Oke, data di atas, sesuai dugaan adalah data frame. Lalu apa?
Selanjutnya kita ubah dataframe transaction_data menjadi tipe class ‘transaction’. Bagaimana caranya? untuk menunjukkan prinsip konversi ini, kita akan mulai dengan cara yang salah.
Pada dasarnya untuk konversi data ke class transaction, adalah dengan menuliskan :
transaction_data <- as(transaction_data, "transactions")

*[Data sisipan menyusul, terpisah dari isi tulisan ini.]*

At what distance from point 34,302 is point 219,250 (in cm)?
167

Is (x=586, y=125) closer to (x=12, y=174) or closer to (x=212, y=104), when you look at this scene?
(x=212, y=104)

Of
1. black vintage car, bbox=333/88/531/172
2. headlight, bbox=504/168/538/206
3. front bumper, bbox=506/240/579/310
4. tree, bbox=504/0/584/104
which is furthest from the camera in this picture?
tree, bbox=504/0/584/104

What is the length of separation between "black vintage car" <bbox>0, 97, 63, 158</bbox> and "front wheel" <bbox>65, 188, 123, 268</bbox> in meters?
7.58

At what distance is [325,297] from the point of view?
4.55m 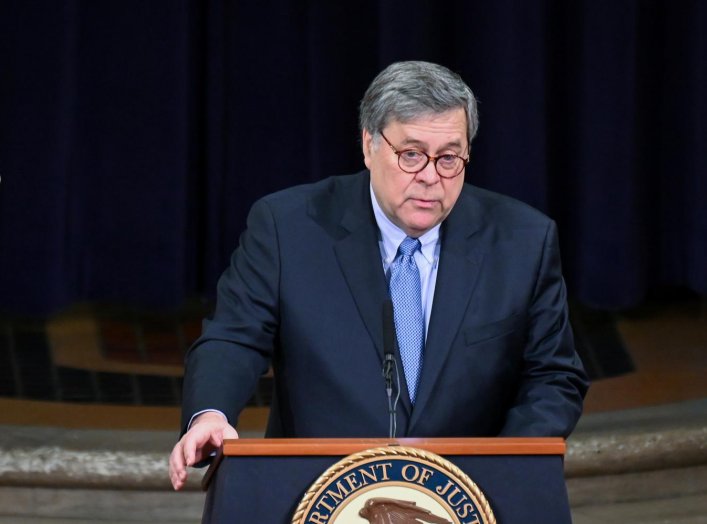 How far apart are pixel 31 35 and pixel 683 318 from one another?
2.04m

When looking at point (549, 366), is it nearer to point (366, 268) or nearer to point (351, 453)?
point (366, 268)

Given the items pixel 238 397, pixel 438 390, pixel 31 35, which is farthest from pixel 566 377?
pixel 31 35

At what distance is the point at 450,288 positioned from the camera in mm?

trans_data <- as(transaction_data,"transactions")
## Warning: Column(s) 1, 2 not logical or factor. Applying default discretization
## (see '? discretizeDF').
class(transaction_data)
## [1] "data.frame"
inspect(trans_data)
## items transactionID
## [1] {Kode.Transaksi=#01, Item=Teh Celup} 1
## [2] {Kode.Transaksi=#01, Item=Sirup} 2
## [3] {Kode.Transaksi=#01, Item=Pet Food} 3
## [4] {Kode.Transaksi=#02, Item=Teh Celup} 4
## [5] {Kode.Transaksi=#02, Item=Gula} 5
## [6] {Kode.Transaksi=#03, Item=Sirup} 6
## [7] {Kode.Transaksi=#03, Item=Pet Food} 7
## [8] {Kode.Transaksi=#04, Item=Teh Celup} 8
## [9] {Kode.Transaksi=#04, Item=Sirup} 9
## [10] {Kode.Transaksi=#05, Item=Teh Celup} 10
## [11] {Kode.Transaksi=#05, Item=Sirup} 11
## [12] {Kode.Transaksi=#05, Item=Gula} 12
## [13] {Kode.Transaksi=#06, Item=Teh Celup} 13
## [14] {Kode.Transaksi=#06, Item=Pet Food} 14
## [15] {Kode.Transaksi=#07, Item=Teh Celup} 15
## [16] {Kode.Transaksi=#07, Item=Sirup} 16
## [17] {Kode.Transaksi=#07, Item=Pet Food} 17
## [18] {Kode.Transaksi=#08, Item=Teh Celup} 18
## [19] {Kode.Transaksi=#09, Item=Teh Celup} 19
## [20] {Kode.Transaksi=#09, Item=Gula} 20
## [21] {Kode.Transaksi=#10, Item=Sirup} 21
## [22] {Kode.Transaksi=#10, Item=Pet Food} 22
## [23] {Kode.Transaksi=#10, Item=Gula} 23
Apakah di atas adalah hasil penyusunan yang kita inginkan?
Tentu saja bukan.
Data di atas berantakan berantakan, dan redundan pada kolom transactionID denagan kode transaksi. Terlebih, bahkan kita tidak paham apa yang bisa dicari dari data di atas.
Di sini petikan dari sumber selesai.